When it comes to Penn's financial aid policy, administrators just can't seem to make up their mind.
Since December 2014, the University has rebranded its financial aid program using three different phrases: "no-loan," "all grant" and most recently, "grant-based." All three names, administrators said, describe the same thing: a policy that allots undergraduates an aid package free of loans through their eighth academic semester.
But to fifth-year students, who in recent days have become outraged at seeing thousands of dollars in loans included in their so-called "grant-based" packages, these name changes mask a policy that hasn't been enforced consistently or explained accurately by various financial aid officers.
“The grant-based financial aid program was created by President Gutmann in 2008,” Vice President of Finance and Treasurer MaryFrances McCourt said in emailed statement sent to Penn students on July 24. “Since 2008, the policy has consisted of grant aid combined with work-study for a total of eight undergraduate academic semesters.”
This eight-semester maximum was not clearly stated on any University website until this past spring and evaded the awareness of many students who receive financial aid.
The Student Registration and Financial Services website currently includes a short line acknowledging the limit on Penn's "grant-based" aid policy to just "eight academic semesters." That line was not included as recently as March 20, according to an archived version of the webpage.
This discrepancy is also reflected in a web page on the School of Engineering and Applied Science's website, which details how students can submatriculate, or pursue undergraduate and graduate degrees simultaneously. (Submatriculants are highly likely to be affected by a limit on grant-based aid to four years, as their curriculum generally takes at least five years to complete.)

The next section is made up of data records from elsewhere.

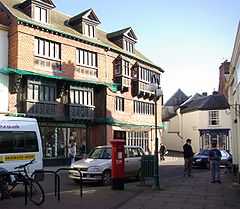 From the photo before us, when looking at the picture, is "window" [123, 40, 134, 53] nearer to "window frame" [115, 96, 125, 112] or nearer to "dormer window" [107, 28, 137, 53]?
"dormer window" [107, 28, 137, 53]

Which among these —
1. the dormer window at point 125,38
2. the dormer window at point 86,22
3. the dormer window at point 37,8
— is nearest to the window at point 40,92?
the dormer window at point 37,8

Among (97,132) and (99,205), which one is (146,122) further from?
(99,205)

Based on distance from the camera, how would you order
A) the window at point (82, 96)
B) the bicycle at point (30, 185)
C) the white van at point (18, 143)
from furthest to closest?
the window at point (82, 96), the white van at point (18, 143), the bicycle at point (30, 185)

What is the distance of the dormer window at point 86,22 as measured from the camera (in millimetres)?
32094

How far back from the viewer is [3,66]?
25.9 m

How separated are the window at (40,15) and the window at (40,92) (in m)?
4.89

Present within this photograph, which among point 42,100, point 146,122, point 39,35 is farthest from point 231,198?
point 146,122

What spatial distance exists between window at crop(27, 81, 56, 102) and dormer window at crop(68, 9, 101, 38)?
661cm

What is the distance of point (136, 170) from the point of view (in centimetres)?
1720

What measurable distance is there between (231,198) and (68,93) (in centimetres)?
1952

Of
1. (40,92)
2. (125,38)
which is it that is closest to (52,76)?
(40,92)

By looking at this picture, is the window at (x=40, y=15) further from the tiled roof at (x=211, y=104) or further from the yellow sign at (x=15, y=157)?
the tiled roof at (x=211, y=104)

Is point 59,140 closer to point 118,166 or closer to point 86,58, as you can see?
point 86,58

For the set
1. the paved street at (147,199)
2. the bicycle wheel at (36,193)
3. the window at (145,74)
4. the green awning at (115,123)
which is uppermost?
the window at (145,74) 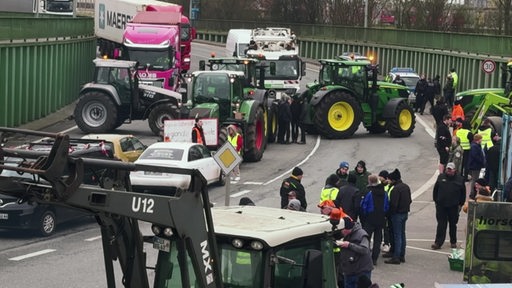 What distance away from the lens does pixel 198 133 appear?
28609mm

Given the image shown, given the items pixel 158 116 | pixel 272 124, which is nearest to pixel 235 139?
pixel 272 124

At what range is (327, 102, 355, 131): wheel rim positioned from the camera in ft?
120

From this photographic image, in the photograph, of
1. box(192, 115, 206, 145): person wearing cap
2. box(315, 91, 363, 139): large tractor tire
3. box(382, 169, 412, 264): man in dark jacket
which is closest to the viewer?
box(382, 169, 412, 264): man in dark jacket

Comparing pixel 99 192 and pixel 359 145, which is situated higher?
pixel 99 192

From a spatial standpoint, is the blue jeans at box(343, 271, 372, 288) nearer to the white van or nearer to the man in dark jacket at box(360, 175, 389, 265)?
the man in dark jacket at box(360, 175, 389, 265)

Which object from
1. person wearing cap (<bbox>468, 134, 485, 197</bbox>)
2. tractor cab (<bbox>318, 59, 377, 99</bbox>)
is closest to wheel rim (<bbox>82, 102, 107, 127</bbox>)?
tractor cab (<bbox>318, 59, 377, 99</bbox>)

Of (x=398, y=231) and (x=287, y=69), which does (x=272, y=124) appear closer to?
(x=287, y=69)

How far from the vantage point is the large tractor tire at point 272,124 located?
35.3 m

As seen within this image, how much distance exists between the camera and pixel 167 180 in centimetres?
2397

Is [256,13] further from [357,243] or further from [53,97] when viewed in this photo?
[357,243]

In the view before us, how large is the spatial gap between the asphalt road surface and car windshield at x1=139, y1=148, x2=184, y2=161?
4.40ft

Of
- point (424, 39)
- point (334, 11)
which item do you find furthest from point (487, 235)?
point (334, 11)

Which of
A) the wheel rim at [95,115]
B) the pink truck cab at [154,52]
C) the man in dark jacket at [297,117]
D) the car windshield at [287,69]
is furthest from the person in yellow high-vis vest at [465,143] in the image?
the car windshield at [287,69]

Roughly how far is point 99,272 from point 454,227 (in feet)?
20.9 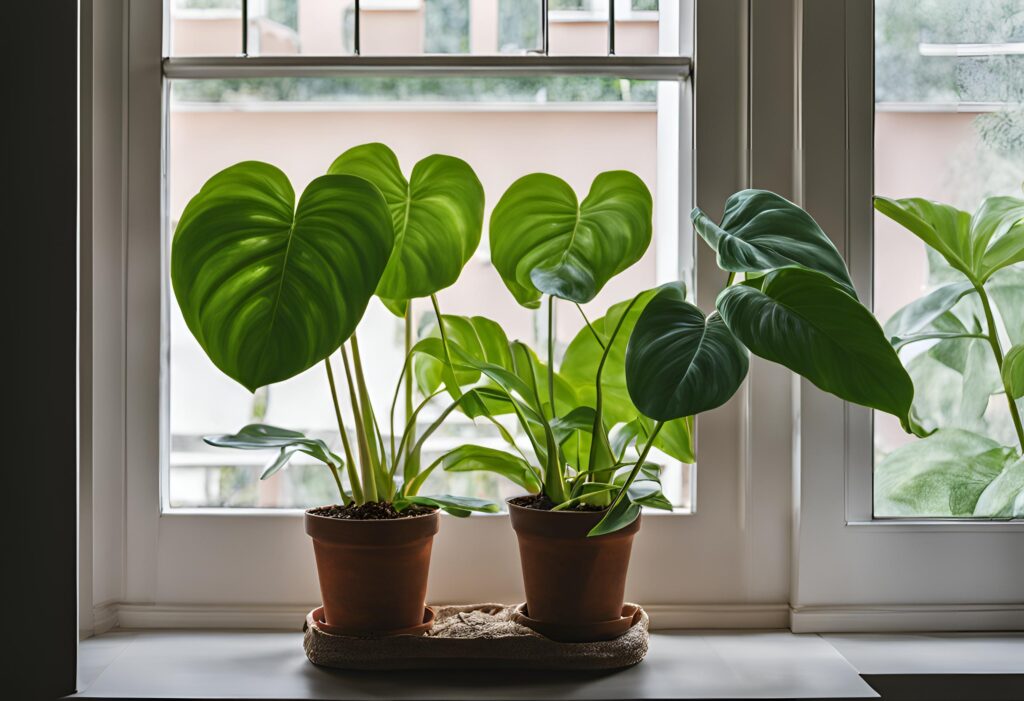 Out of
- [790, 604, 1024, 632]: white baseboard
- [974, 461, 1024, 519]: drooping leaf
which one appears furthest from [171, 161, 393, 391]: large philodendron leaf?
[974, 461, 1024, 519]: drooping leaf

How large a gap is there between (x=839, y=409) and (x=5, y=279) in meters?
0.96

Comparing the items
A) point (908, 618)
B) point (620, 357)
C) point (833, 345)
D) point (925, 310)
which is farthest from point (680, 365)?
point (908, 618)

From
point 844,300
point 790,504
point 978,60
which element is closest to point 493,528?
point 790,504

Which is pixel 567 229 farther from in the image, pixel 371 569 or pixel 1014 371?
pixel 1014 371

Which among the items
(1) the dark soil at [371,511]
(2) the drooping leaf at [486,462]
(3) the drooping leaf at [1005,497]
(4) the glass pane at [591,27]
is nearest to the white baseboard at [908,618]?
(3) the drooping leaf at [1005,497]

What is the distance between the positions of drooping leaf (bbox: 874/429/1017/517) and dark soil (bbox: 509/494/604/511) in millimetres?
411

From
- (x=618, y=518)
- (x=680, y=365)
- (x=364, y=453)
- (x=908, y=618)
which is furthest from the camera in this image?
(x=908, y=618)

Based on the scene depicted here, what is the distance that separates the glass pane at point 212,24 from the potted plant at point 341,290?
321 mm

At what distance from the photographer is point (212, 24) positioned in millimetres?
1117

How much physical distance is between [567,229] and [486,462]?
11.2 inches

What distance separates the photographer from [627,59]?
1.10 metres

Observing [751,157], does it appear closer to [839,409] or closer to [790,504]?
[839,409]

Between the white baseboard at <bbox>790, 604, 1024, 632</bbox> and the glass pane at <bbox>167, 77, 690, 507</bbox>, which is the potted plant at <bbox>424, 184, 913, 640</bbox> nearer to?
the glass pane at <bbox>167, 77, 690, 507</bbox>

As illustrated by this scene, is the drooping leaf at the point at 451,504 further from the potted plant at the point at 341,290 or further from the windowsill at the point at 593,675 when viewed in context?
the windowsill at the point at 593,675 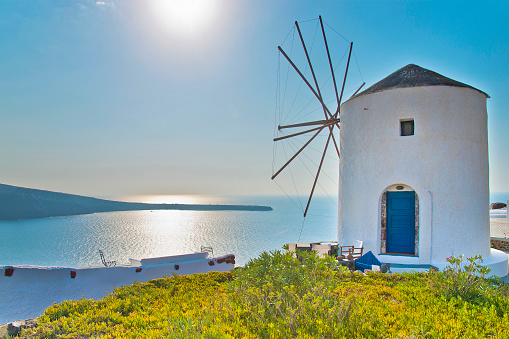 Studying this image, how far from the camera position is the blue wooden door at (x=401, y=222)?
9.82 m

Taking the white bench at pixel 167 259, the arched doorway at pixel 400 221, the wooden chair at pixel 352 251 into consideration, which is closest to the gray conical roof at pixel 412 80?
the arched doorway at pixel 400 221

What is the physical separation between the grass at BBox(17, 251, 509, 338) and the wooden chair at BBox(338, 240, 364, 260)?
3954mm

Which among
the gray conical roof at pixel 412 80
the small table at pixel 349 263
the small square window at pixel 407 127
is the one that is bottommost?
the small table at pixel 349 263

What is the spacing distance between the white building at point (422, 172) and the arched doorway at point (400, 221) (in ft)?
0.09

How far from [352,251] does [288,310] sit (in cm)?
680

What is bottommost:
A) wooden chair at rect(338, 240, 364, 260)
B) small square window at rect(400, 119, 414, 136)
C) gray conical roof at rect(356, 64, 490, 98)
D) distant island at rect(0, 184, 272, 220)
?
distant island at rect(0, 184, 272, 220)

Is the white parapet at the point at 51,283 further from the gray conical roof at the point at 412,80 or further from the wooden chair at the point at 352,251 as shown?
the gray conical roof at the point at 412,80

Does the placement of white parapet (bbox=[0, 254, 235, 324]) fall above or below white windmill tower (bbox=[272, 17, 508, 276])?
below

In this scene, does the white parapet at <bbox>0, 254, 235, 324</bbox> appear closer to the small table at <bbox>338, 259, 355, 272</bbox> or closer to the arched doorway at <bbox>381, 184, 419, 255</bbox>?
the small table at <bbox>338, 259, 355, 272</bbox>

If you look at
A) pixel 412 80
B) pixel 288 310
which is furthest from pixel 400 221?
pixel 288 310

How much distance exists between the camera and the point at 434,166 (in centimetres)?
923

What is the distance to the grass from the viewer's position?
319 cm

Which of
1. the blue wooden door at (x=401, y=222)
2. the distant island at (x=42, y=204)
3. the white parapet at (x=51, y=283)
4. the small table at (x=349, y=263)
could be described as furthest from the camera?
the distant island at (x=42, y=204)

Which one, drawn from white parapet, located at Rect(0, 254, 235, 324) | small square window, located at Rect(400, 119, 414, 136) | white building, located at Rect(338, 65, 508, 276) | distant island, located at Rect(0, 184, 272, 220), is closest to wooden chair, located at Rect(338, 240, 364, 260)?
white building, located at Rect(338, 65, 508, 276) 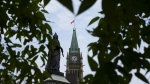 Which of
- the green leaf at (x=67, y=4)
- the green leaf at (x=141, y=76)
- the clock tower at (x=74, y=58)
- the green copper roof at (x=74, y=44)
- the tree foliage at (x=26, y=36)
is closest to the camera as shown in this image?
the green leaf at (x=67, y=4)

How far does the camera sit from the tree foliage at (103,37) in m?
0.73

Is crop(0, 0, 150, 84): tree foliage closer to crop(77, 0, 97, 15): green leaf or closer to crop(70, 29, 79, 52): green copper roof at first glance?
crop(77, 0, 97, 15): green leaf

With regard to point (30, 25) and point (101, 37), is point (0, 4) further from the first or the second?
point (101, 37)

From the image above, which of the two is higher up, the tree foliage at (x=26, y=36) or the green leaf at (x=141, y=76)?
the tree foliage at (x=26, y=36)

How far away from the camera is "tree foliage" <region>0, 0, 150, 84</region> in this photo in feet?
2.41

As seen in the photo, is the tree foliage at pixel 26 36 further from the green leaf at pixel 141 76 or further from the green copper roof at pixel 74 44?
the green copper roof at pixel 74 44

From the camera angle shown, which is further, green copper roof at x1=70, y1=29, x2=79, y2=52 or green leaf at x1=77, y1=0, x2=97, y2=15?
green copper roof at x1=70, y1=29, x2=79, y2=52

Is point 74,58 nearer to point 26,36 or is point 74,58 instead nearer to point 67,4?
point 26,36

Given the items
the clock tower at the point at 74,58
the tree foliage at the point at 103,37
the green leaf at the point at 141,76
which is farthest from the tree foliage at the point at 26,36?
the clock tower at the point at 74,58

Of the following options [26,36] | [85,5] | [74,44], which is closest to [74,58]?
[74,44]

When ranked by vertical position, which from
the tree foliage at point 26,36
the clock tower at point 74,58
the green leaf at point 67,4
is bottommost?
the green leaf at point 67,4

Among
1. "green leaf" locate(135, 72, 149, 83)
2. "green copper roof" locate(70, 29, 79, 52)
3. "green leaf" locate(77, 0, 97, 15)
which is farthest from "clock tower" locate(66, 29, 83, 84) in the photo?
"green leaf" locate(77, 0, 97, 15)

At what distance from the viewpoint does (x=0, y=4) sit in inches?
70.9

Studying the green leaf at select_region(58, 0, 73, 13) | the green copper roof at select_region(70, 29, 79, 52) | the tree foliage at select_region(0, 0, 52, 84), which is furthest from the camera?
the green copper roof at select_region(70, 29, 79, 52) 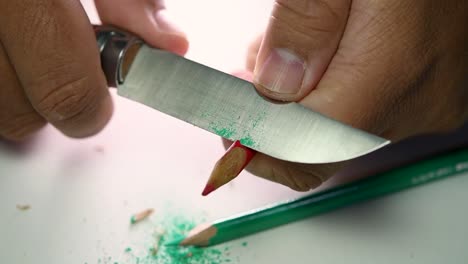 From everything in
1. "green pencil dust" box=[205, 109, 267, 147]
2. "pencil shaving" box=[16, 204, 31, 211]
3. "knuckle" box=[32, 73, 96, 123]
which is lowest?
"pencil shaving" box=[16, 204, 31, 211]

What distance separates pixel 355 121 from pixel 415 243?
253 mm

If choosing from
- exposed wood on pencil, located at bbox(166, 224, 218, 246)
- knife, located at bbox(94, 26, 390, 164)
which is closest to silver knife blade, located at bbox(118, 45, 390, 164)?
knife, located at bbox(94, 26, 390, 164)

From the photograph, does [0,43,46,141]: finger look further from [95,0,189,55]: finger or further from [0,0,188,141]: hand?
[95,0,189,55]: finger

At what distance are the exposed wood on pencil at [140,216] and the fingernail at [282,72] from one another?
1.03 ft

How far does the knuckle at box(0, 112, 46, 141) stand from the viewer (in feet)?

Although the current page on the Engineering School's site mentions that students will only receive need-based financial aid for eight semesters, this detail was not mentioned as recently as Feb. 10, when the website reassured students that they would continue to receive financial aid as long as they had undergraduate credits left to complete.
The addition of a line specifying an eight-semester maximum appeared on the Engineering School's site around the same time as Penn rebranded its financial aid program from "all grant" to "grant-based" — a change that was also reflected on the SRFS site.
Administrators said these wording changes do not reflect an actual change in policy or level of enforcement.
“For the sake of clarity, the University has made some slight changes over the years to the language describing the program, but the guidelines and procedures are exactly as they were when it was launched nine years ago,” University spokesperson Stephen MacCarthy said in an emailed statement.
None of the previous rebranding efforts have incited a sustained level of student outcry. The eight-semester maximum only became widely known when a staffer in the Digital Media Design program informed students of the policy earlier this month in a closed Facebook group.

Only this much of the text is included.